EU citizens are free to live and work in any of the bloc's 28 member states - set to fall to 27 when the UK leaves - without the need for a visa.
This is known as free movement of labour, one of the EU's four freedoms along with capital, goods and services.
There are some restrictions - after three months, EU migrants should prove that they are working, a student or have sufficient resources to support themselves without relying on the benefits system.
Although all EU nations take advantage of free movement, the greatest movers to the UK in recent years have been from Eastern European countries.
For those wanting to move to the UK from outside the EU, to work or study, there are different rules. You must apply for one of a number of visas.
These can range from Tier 1, preserved for investors and "exceptional talent", to Tier 5 visas for short-term voluntary and educational programmes.
The two most common are the Tier 2 skilled worker visas and Tier 4 student visas. Currently, no Tier 3 - unskilled labour - visas are being given out.
Some of these visas allow you to apply to bring dependants such as children and partners.
Visas work on a points-based system.
The criteria for these visas has got tougher in recent years.

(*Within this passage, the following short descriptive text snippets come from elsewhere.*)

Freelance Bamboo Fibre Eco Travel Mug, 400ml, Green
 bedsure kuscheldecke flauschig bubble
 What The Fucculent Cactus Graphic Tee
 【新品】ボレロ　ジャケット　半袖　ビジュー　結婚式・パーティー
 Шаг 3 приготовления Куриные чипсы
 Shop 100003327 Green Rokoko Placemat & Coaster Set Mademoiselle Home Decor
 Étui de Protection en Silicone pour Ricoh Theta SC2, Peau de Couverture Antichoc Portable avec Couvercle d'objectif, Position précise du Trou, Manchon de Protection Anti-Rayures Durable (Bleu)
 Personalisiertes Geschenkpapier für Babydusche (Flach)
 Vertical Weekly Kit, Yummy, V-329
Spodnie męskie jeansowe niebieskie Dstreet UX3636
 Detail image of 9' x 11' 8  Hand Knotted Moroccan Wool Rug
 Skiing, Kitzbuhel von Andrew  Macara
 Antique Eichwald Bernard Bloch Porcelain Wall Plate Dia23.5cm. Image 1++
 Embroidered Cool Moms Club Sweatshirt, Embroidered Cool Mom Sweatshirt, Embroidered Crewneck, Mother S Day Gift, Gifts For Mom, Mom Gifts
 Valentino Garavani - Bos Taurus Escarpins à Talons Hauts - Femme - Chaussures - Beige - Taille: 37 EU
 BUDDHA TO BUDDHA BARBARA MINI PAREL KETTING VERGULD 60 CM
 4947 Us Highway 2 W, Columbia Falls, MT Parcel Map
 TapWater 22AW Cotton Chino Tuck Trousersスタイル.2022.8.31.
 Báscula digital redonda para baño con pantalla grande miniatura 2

For example, for a Tier2 "experienced skilled worker" visa, you now need to be paid at least £30,000 to apply, up almost £10,000 from 2011. You get more points for higher salaries or if your job is on the list of shortage occupations.
The number of these Tier 2 visas handed out is currently capped at 20,700 per year.
Most visas come with other conditions, including a knowledge of English, the need for a sponsor and agreeing not to claim benefits for a period of time.
The different rules for EU and non-EU migrants mean their reasons for moving to the UK are considerably different.
For people who want to claim asylum, they must first reach the UK.
Once they have claimed asylum, they are given housing and financial support by the government until their application is dealt with. After that they might be granted refugee status, allowed to stay for other reasons or sent home.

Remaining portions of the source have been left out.